*** Opening of Stored data ***

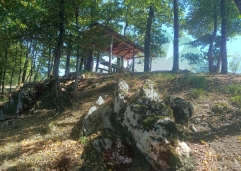 ZIR nekretnine8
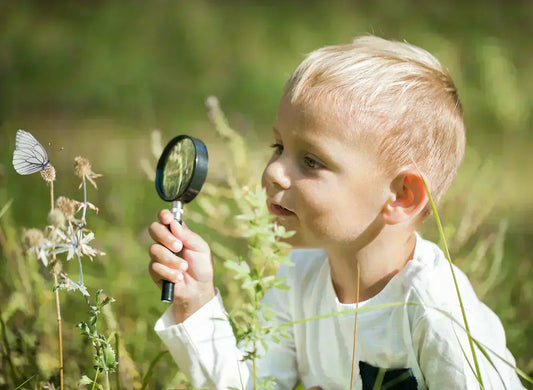 Child observing butterfly with magnifying glass in nature, exploring insects and their role in sustainability education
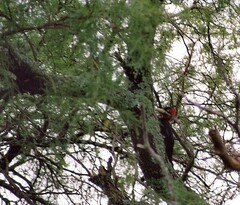 Campephilus leucopogon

*** Close of Stored data ***

__Required action__
Type the material out again exactly. Skip the pictures.

__Your response__
 ZIR nekretnine8
 Child observing butterfly with magnifying glass in nature, exploring insects and their role in sustainability education
 Campephilus leucopogon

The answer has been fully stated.